▶ Task objective
Write the listing out again word for word, leaving each picture behind.

▶ Source data
------------------------------------------------------------------------

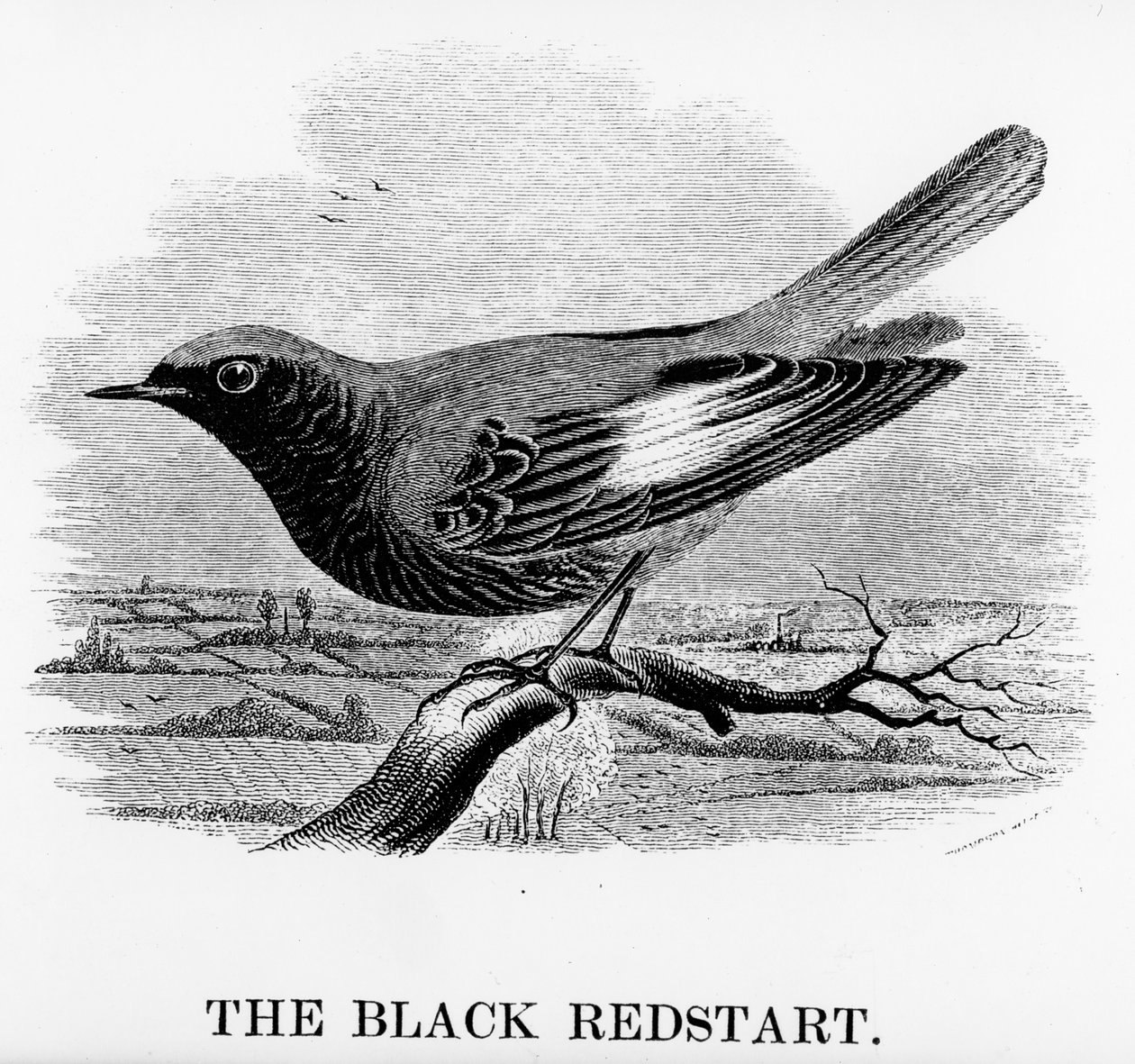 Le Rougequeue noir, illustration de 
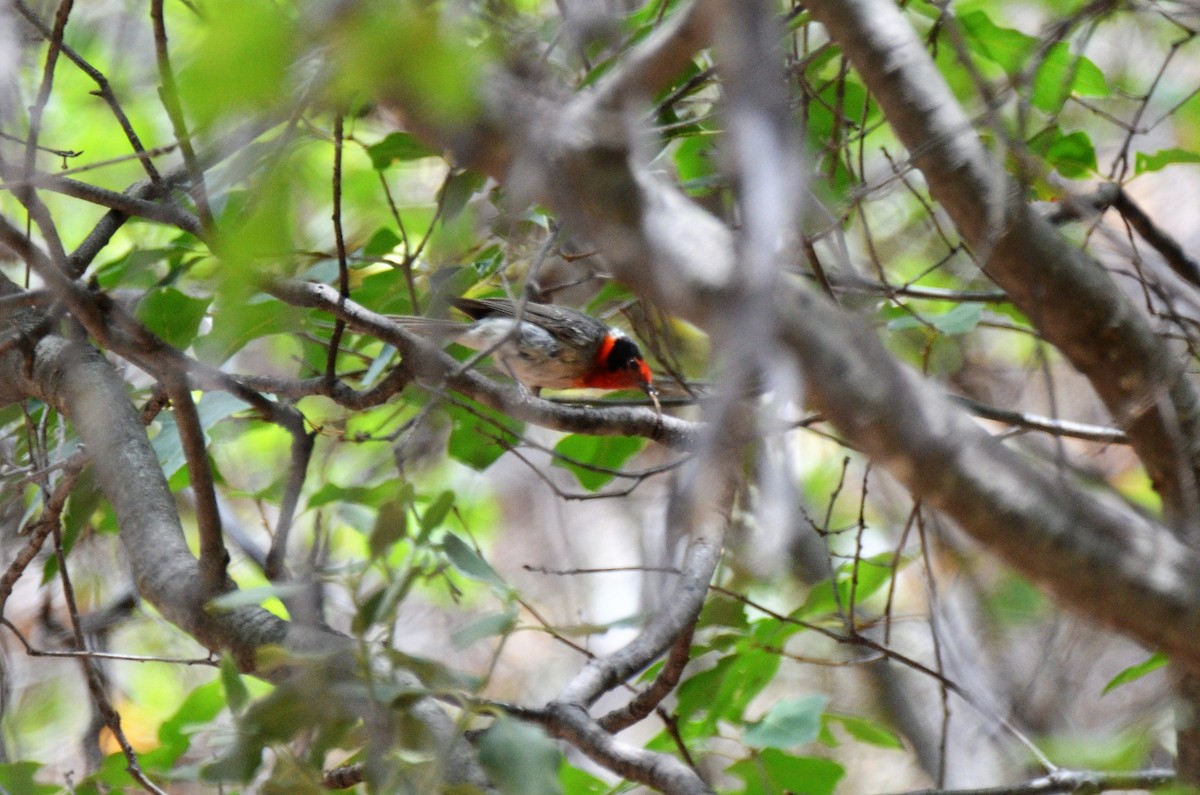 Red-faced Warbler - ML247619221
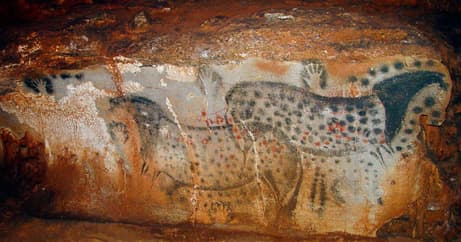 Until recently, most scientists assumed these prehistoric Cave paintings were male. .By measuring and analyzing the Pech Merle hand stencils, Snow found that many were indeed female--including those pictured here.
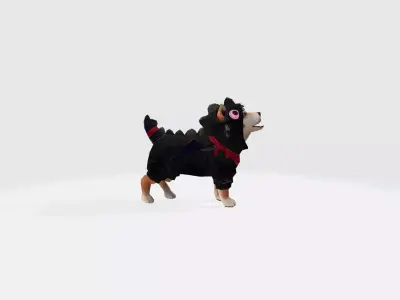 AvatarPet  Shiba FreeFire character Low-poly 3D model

------------------------------------------------------------------------

▶ Expected answer
 Le Rougequeue noir, illustration de 
 Red-faced Warbler - ML247619221
 Until recently, most scientists assumed these prehistoric Cave paintings were male. .By measuring and analyzing the Pech Merle hand stencils, Snow found that many were indeed female--including those pictured here.
 AvatarPet  Shiba FreeFire character Low-poly 3D model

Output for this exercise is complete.